Il punteggio tornerà a cambiare nel quarto e ultimo periodo, quando le scodelle sono già asciutte sulla credenza, oltreché lavate. Altro field goal Atlanta 33-7. Serie di tre TD firmati da Adam Thielen, Hayden Hurst (che si beve la difesa vichinga stremata) e Justin Jefferson, ancora lui. I Vikings trasformano entrambe le volte da due e il punteggio si fissa sul 40-23. Non riesce invece l’onside kick finale, ma avrebbe cambiato nulla.

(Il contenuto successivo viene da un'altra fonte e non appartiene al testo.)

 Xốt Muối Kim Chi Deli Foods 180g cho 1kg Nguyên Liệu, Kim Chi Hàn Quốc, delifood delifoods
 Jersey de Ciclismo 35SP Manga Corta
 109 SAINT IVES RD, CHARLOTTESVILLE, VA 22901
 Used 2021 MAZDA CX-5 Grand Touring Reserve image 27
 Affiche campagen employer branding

Il rinnovamento di Atlanta passa da una resurrezione in trasferta. Da quattro gare i Falcons non vincevano contro i Vikings. Imporsi così nettamente è un’iniezione di fiducia da valorizzare, soprattutto in attacco, dove il gioco aereo ha funzionato a pallino. Certo le giovani secondarie vichinghe hanno facilitato il compito, ma Jones e Ridley sono stati quei campioni che sono e che con un vento nuovo potranno tornare ad essere ogni domenica. Molto positivo è stato anche Matt Ryan. Non gira altrettanto bene il gioco di corsa, su cui gli stessi cornerback inesperti di cui sopra sono riusciti a esprimersi meglio. Nel primo tempo ha retto anche la difesa. Essere riusciti a centrare il primo successo confermando il vantaggio accumulato a inizio gara è il miglior biglietto da visita per il nuovo coach Raheem Morris e per il prosieguo della stagione.

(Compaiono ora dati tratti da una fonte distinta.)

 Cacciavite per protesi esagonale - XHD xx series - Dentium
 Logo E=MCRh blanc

Minnesota incappa, al contrario, in un passo falso ai limiti dell’inspiegabile. Dopo l’ottima prova a Seattle e quella vittoria sfumata/buttata i Vikings si ritrovano in un incubo. Imbarazzante Cousins, che in una squadra con un backup normale sarebbe stato panchinato all’intervallo. Ma i Vikings sulla sideline hanno quello Sean Mannion che serve a sviluppare il playbook e ad aiutare i coach ma che non è presentabile dentro al rettangolo verde. Segnali positivi sono pochini in casa Vikings. Justin Jefferson è il più clamoroso, con più yard ricevute al primo anno dopo sei giornate (537) anche di un tale Randy Moss (527), che però aveva già 6 (sei, avete letto bene) touchdown all’attivo. 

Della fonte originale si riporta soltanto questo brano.